Repeat exactly the lines below that lie between the line with "Merzhausen im Spitzenduell gefordert" and the line with "Ingersoll-Rand Reversible Air Drill", counting both of those lines as part of the answer.

Provided information:
[Start of section]
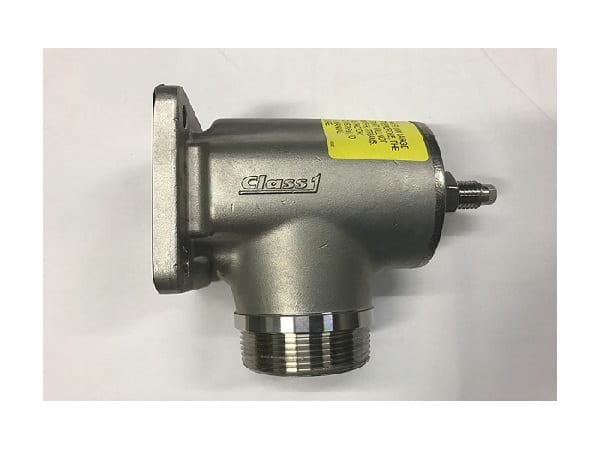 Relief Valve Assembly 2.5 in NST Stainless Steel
[End of section]
[Start of section]
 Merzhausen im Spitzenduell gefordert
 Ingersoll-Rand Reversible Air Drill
[End of section]
[Start of section]
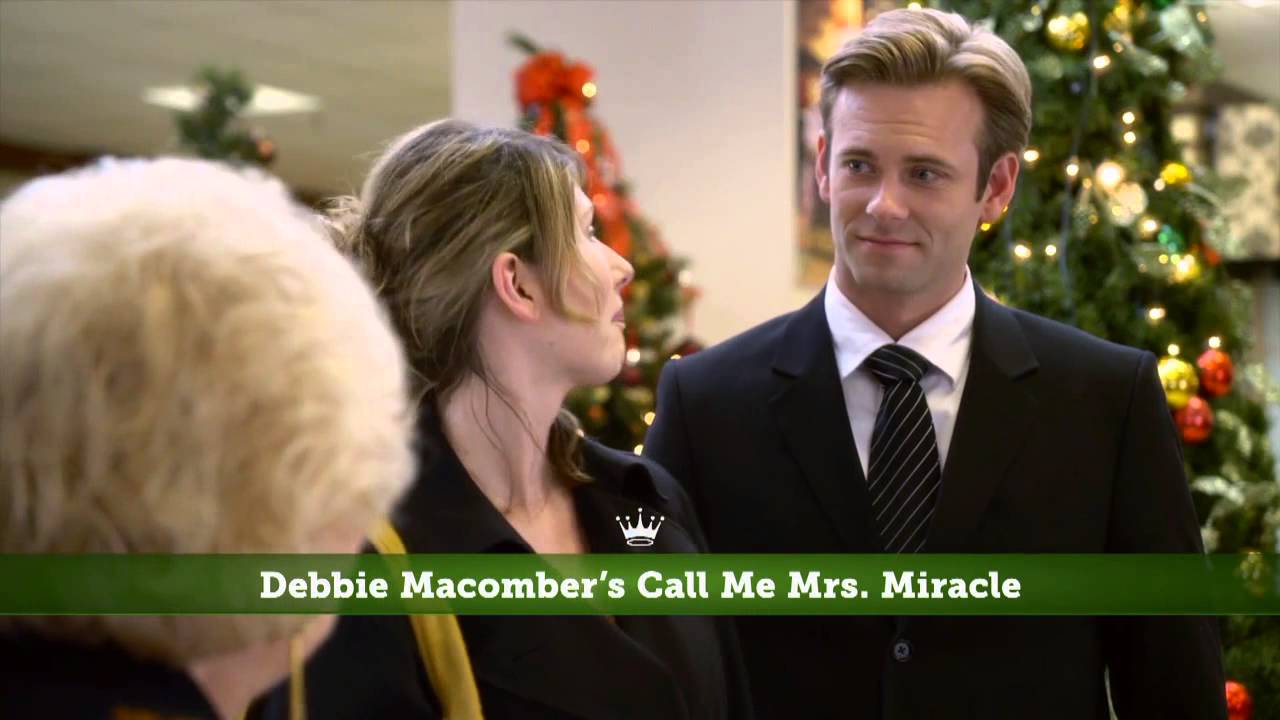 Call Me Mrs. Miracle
[End of section]
Answer space:
 Merzhausen im Spitzenduell gefordert
 Ingersoll-Rand Reversible Air Drill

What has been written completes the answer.